BHR was absent in 44 asthmatics (48%) at visit 3 and this was associated with a higher FEV1% predicted at visit 1 and a lower total IgE at visit 2. Ulrik and Backer followed 7–17 year old asthmatic children. After 6 years more severe BHR was associated with a lower FEV1% predicted and atopy at enrolment.28 Two other studies in children, one cross sectional29 and the other longitudinal in design,30 showed that the prevalence of BHR significantly increased with higher serum total IgE levels. Finally, a study in adults with asthma also showed that higher total IgE was associated with persistence of BHR.6 Thus, although the underlying mechanism has yet to be determined, higher IgE levels appear to constitute a risk factor for persistence of BHR.
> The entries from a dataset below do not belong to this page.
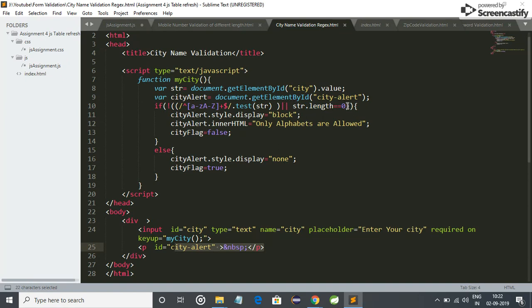Let me explain this expression. If the length is zero, then it will not show any error because initially when we do not enter any character, it should not show any error. So for that we have to mention this: string dot length is equal to zero.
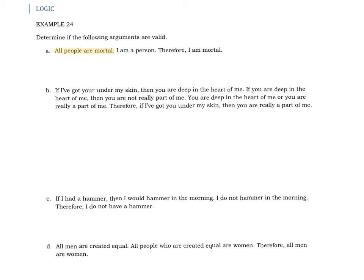We have to translate it into something where we're using an if-and-only-if or one of those symbols. So 'all people are mortal' — another way to say that would be: if you are a person, then you're mortal. Abbreviating that, all people are mortal means if you're a person, then you're mortal.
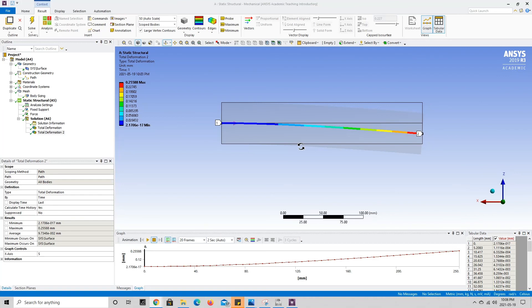That pretty much sums up this simulation and tutorial for the concentrated load on the free end of a cantilever beam. Don't forget to like the video if you found it helpful, and subscribe because there's a lot of amazing content coming soon.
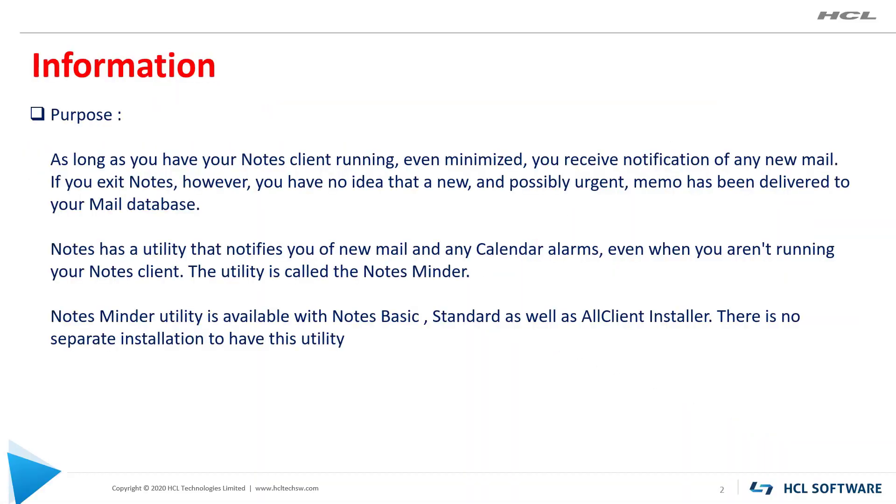In this video we will see how to configure NotesMinder utility for Notes Client running on Windows environment. Let's see more information on the NotesMinder utility.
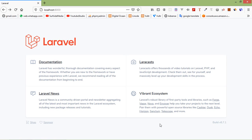Hi everyone, welcome back to the Laravel tutorial. In this video, we are going to learn about Livewire search with pagination. So let's see how we can create search with pagination in Livewire.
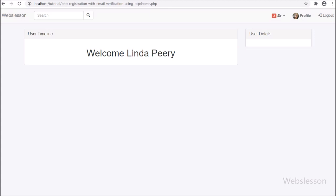So in this part, we have learned how to display real-time unseen friend requests at the header of this system web page by using PHP script with Ajax. In the next part, we will list friend requests in a dropdown menu with an accept button.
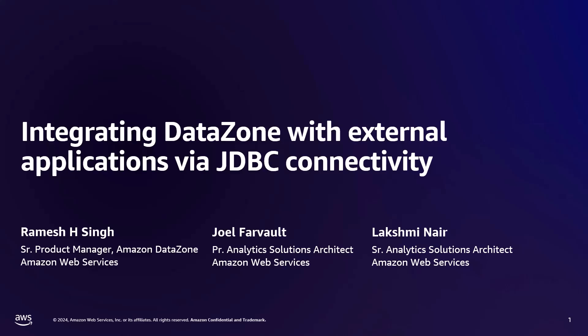Hello, my name is Ramesh, and I'm a Senior Product Manager with AWS. And my name is Lakshmi, Senior Analytics Solutions Architect at AWS. Hi, I'm Joel. I'm a Principal Specialist Solution Architect, Data and Analytics.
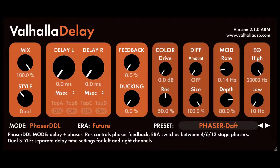Welcome. Want to know how to use Valhalla Delay? We have an in-depth guide to the controls. Let's get started with Valhalla Delay.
Twenty of our asthma patients (22%) were in complete remission of asthma and 47 patients (52%) were asymptomatic and without inhaled corticosteroids at follow up, a definition used to express clinical remission of asthma. Twenty seven of the latter group (57%) had BHR or a low lung function, or both. This is in line with the study of Boulet et al7 who found that asymptomatic asthmatic subjects who did not use medication still had active disease, as shown by lower lung function values, increased bronchodilator response, and BHR suggesting either ongoing airway inflammation or airway remodelling. Indeed, a recent study8 showed that asthma patients with a comparable definition of remission7 had higher numbers of eosinophils, T cells, mast cells, and IL-5 in the airway mucosa than healthy control subjects. Another study31 found higher numbers of eosinophils in the bronchoalveolar lavage fluid of atopic children who had apparently outgrown their asthma (no wheezing for 12 months and no current medication) compared with controls. Thus, simply asking patients whether they have asthma symptoms and use asthma treatment is unreliable for determining airway inflammation as well as asthma remission. It remains to be established whether this has consequences for clinical practice—that is, institution of anti-inflammatory treatment.
We conclude that complete remission of asthma is only present in a small subset of this clinic based sample of atopic patients with moderate to severe asthma. Importantly, we show variable results in the outcome of asthma dependent on whether remission is defined as absence of symptoms, (near) normal lung function, absence of BHR, no use of asthma medication, or as a combination of these components. Only 22% of symptomatic allergic asthmatic children fully outgrew their asthma by age 32–42, determined on the basis of a combination of objective and subjective measurements. Remission of asthma is associated with better lung function early in life and a higher increase in lung function from age 5–14 to age 21–33. This possibly reflects a lower prevalence of early and/or progressive airway remodelling in those patients with a better outcome of the disease. Our results support the idea that defining remission of asthma by only assessing symptoms and medication use will overlook those subjects who have subclinical active disease and possibly associated airway remodelling.
This study was supported by The Netherlands Asthma Foundation (grant number 93.64) and Stichting Astma Bestrijding.